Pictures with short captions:
◆ ◆ ◆ ◆ ◆
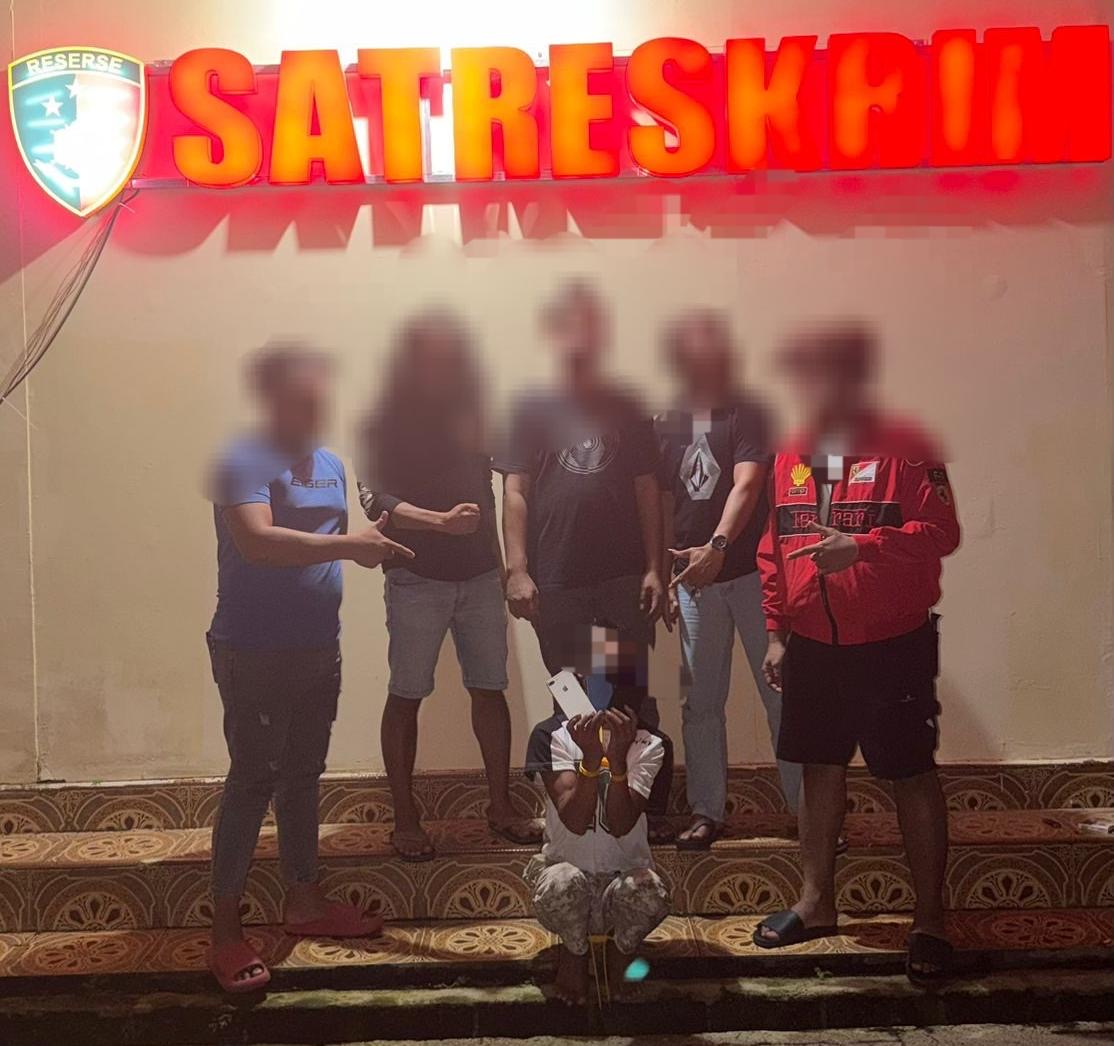 Pelaku Pencurian Handphone di Desa Tinompo dibekuk Resmob Elang Tokala Polres Morowali Utara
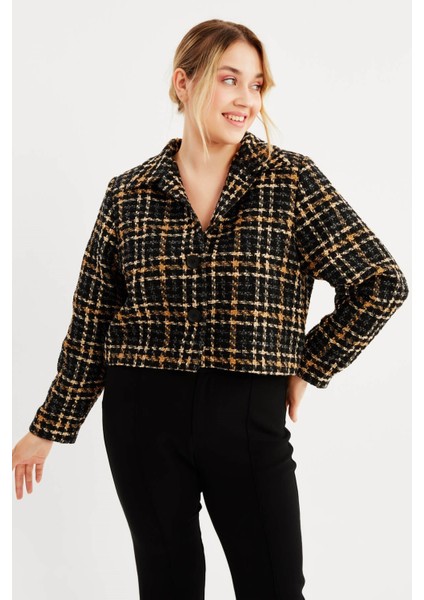 Astarlı Crop Tüvit Ceket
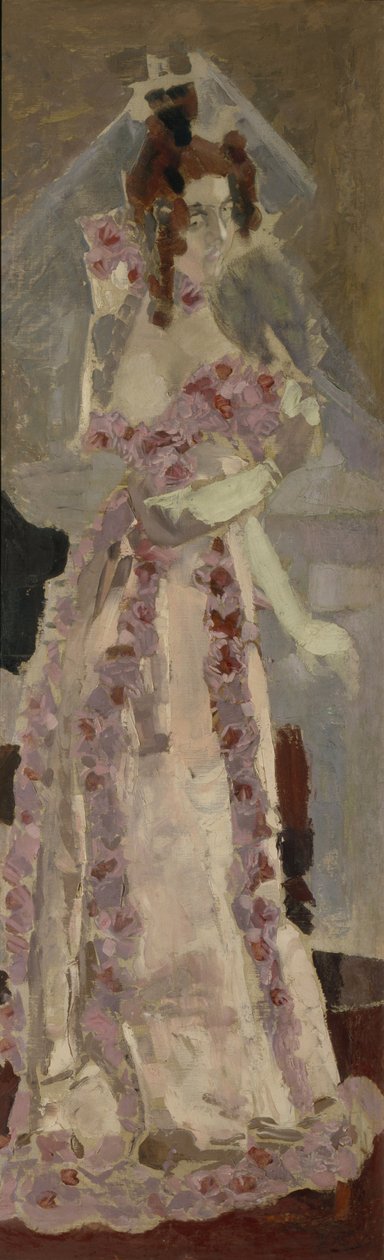 Portrait de Nadezhda Zabela-Vroubel au piano à queue - Mikhail Aleksandrovich Vrubel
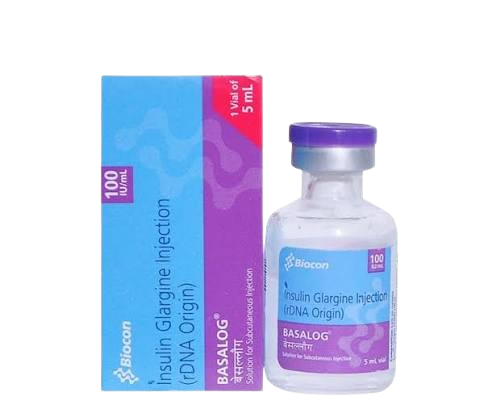 Basalog 100 IU/ml Solution for Injection (Insulin Glargine) – 5 ml Vial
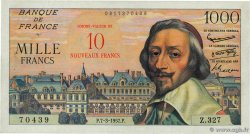 10 NF sur 1000 Francs RICHELIEU FRANCIA  1957 F.53.01 SPL+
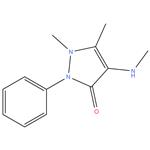 Metamizole EP Impurity C
1,5-dimethyl-4-(methylamino)-2-phenyl-2,3-dihydro-1H-pyrazol-
3-one ; 4-Methylamino Antipyrine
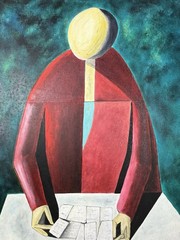 Duilio Barnabe(Handmade) Oil On Canvas Signed & Stamped Framed Painting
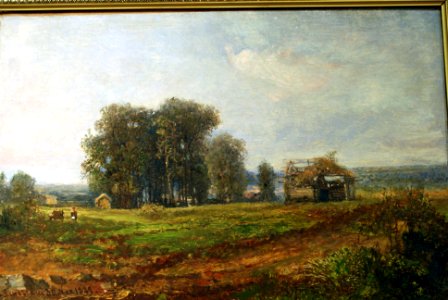 Fyodor Yasnovsky. Summer landscape with road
◆ ◆ ◆ ◆ ◆
### Task objective
Write out all the data exactly, minus pictures.

### Final answer
 Pelaku Pencurian Handphone di Desa Tinompo dibekuk Resmob Elang Tokala Polres Morowali Utara
 Astarlı Crop Tüvit Ceket
 Portrait de Nadezhda Zabela-Vroubel au piano à queue - Mikhail Aleksandrovich Vrubel
 Basalog 100 IU/ml Solution for Injection (Insulin Glargine) – 5 ml Vial
 10 NF sur 1000 Francs RICHELIEU FRANCIA  1957 F.53.01 SPL+
 Metamizole EP Impurity C
1,5-dimethyl-4-(methylamino)-2-phenyl-2,3-dihydro-1H-pyrazol-
3-one ; 4-Methylamino Antipyrine
 Duilio Barnabe(Handmade) Oil On Canvas Signed & Stamped Framed Painting
 Fyodor Yasnovsky. Summer landscape with road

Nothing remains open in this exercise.